Figure 5.6. Classifiers accuracy with 3 classes constructed from self-assessment.

5.5 Conclusion

In this chapter two categories of physiological signals, from the central and from the peripheral nervous systems, have been evaluated on the problem of assessing the arousal and the valence dimension of emotions elicited by IAPS images. Those assessments were performed as classification problems, with ground-truth valence / arousal values provided either by the IAPS or by self-assessments of the emotion. Two classifiers were used, a Naïve-Bayes classifier and a LDA.

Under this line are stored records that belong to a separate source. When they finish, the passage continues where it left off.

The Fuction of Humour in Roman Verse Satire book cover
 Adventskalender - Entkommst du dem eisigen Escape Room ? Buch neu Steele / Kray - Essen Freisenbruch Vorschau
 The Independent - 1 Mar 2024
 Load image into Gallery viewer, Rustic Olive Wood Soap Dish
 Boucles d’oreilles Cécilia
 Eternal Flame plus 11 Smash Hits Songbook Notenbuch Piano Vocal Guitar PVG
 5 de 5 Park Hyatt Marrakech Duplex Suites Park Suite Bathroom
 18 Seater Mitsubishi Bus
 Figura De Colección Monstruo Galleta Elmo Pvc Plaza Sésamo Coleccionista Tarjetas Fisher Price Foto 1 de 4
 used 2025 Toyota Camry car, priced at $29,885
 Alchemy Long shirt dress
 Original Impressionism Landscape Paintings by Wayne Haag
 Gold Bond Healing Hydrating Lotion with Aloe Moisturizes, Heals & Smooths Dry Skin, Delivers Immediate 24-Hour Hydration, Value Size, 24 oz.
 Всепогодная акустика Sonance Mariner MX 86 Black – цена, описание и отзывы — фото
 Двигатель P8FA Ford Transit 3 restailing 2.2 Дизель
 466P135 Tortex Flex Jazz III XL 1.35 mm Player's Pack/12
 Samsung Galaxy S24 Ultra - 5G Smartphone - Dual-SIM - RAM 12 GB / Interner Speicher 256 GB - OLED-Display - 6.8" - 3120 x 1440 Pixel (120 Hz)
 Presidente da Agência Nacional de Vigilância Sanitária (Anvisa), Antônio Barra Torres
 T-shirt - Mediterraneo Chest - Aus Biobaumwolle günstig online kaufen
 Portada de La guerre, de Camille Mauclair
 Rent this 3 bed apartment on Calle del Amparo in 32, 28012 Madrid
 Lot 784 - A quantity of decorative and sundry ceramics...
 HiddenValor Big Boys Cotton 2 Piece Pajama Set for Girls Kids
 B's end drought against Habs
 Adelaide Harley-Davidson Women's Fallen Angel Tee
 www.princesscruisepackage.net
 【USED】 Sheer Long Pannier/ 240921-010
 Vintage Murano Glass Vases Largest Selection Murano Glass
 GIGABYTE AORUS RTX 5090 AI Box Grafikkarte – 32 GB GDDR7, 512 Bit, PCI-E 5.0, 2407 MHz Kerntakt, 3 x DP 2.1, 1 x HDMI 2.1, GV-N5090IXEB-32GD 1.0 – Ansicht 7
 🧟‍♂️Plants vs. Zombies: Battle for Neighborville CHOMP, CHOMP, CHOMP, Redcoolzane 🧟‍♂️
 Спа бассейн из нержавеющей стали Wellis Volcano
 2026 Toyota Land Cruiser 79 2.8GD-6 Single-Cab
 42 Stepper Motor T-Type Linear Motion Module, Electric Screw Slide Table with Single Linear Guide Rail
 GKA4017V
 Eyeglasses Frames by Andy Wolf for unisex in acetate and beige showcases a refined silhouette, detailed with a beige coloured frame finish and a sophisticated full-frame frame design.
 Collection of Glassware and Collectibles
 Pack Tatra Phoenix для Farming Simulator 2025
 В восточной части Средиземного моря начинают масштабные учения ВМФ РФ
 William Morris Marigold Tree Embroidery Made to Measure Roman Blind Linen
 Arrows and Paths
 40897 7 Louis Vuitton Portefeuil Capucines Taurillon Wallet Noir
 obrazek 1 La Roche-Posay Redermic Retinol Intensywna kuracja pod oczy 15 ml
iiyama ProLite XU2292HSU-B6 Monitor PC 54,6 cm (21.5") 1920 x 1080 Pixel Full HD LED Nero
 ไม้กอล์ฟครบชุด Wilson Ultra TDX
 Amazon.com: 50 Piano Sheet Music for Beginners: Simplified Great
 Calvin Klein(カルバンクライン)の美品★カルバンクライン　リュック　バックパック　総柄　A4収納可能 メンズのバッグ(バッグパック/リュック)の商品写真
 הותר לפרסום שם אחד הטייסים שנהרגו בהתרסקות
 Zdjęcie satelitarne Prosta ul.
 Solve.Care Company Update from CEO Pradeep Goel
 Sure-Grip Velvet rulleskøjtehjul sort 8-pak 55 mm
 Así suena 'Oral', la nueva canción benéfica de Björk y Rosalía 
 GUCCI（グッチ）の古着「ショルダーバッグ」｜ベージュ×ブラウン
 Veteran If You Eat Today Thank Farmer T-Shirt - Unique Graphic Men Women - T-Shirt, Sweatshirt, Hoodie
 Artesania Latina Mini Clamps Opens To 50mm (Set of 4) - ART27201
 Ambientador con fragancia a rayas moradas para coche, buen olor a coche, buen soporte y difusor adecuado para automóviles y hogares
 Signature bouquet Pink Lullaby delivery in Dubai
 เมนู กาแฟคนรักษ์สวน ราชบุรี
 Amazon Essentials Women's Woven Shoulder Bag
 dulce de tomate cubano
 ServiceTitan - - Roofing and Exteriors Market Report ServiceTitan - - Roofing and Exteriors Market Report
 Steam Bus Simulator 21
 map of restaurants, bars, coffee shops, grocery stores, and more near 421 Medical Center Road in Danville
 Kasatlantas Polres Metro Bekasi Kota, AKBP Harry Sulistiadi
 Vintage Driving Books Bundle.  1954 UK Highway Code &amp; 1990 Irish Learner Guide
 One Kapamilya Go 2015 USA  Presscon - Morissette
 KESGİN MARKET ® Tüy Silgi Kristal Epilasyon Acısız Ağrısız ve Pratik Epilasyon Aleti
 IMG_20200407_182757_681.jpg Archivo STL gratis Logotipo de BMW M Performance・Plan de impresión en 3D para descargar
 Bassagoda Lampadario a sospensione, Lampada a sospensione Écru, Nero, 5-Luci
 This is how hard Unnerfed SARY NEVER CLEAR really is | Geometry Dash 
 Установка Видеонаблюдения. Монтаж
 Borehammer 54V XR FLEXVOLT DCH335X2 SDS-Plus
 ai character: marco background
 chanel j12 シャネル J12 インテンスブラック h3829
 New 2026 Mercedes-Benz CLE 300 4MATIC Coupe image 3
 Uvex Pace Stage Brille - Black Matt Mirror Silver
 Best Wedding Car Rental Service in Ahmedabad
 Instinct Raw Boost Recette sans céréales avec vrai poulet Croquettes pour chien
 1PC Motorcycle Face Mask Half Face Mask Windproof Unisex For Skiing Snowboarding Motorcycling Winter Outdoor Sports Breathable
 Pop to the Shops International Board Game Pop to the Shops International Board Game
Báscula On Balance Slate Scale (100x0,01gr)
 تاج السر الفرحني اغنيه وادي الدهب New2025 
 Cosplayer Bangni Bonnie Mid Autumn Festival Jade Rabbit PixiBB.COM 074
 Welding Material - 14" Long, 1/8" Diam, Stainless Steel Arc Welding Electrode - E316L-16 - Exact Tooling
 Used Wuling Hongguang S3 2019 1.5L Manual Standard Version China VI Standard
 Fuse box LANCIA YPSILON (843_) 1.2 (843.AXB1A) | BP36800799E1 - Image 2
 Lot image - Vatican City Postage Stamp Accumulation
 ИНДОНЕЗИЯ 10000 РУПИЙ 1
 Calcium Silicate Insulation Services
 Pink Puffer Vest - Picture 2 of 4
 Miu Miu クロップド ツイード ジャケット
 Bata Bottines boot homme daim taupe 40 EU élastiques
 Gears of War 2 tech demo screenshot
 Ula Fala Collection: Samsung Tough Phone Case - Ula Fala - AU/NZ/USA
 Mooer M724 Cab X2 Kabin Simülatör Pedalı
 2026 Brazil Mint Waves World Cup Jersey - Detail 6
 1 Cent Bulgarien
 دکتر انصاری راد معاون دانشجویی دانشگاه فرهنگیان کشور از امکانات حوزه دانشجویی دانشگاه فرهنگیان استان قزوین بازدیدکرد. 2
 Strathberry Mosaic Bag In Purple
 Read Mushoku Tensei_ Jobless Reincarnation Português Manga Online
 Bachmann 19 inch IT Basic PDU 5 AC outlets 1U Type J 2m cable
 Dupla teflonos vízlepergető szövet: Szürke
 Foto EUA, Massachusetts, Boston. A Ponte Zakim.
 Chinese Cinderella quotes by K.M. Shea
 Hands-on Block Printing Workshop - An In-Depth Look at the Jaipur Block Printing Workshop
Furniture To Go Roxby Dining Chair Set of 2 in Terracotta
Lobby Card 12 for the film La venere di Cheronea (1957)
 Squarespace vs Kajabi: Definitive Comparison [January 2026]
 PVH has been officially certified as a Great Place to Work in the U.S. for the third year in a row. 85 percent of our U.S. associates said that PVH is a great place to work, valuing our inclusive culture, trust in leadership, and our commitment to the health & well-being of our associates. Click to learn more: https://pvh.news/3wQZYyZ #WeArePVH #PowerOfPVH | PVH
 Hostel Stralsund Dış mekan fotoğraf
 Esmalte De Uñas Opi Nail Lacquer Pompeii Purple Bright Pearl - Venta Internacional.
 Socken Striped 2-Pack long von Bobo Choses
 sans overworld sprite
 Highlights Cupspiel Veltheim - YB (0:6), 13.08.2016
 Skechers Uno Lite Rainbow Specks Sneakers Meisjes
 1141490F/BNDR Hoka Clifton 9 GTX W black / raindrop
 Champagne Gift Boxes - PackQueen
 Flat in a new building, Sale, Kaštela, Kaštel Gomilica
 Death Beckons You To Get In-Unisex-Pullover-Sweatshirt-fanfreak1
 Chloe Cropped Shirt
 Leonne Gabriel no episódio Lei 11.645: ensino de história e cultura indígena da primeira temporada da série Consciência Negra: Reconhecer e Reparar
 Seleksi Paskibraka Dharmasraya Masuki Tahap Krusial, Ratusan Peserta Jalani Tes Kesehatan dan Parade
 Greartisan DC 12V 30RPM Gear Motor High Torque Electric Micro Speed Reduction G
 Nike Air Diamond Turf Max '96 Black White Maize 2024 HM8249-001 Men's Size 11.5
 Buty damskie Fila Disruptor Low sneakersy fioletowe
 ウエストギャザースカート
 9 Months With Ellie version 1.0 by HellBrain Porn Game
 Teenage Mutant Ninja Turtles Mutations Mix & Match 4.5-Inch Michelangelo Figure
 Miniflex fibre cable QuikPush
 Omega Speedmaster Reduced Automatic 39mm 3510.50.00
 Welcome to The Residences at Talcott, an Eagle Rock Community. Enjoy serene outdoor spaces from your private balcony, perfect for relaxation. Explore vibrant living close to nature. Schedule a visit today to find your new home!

Results showed the usability of EEG's in both arousal and valence recognition and the interest of EEG features over peripheral features. Moreover, the fusion of EEG features with peripheral features improved the assessment performance. This improvement was better with a LDA than with the Naïve-Bayes classifier. Results also markedly improved when using classes generated from self-assessment of emotions. When trying to assess emotions, one should avoid using predefined labels but rather ask for the user’s feeling. However, by using self-assessment the generated classes were unbalanced which gave rise to classification problems such as the undersampling of some classes. Moreover, using the self-assessments as a ground-truth implies that the user is an expert in evaluating his / her feelings, which is not always the case as discussed in Section 4.1.1.

Future work on arousal assessment will first aim at improving on the current results by using other non-linear classifiers, such as Support Vector Machines. Feature selection and more sophisticated fusion strategies will also be examined, jointly with the examination of other features such as temporal characteristics of signals that are known to be strongly implied in emotional processes.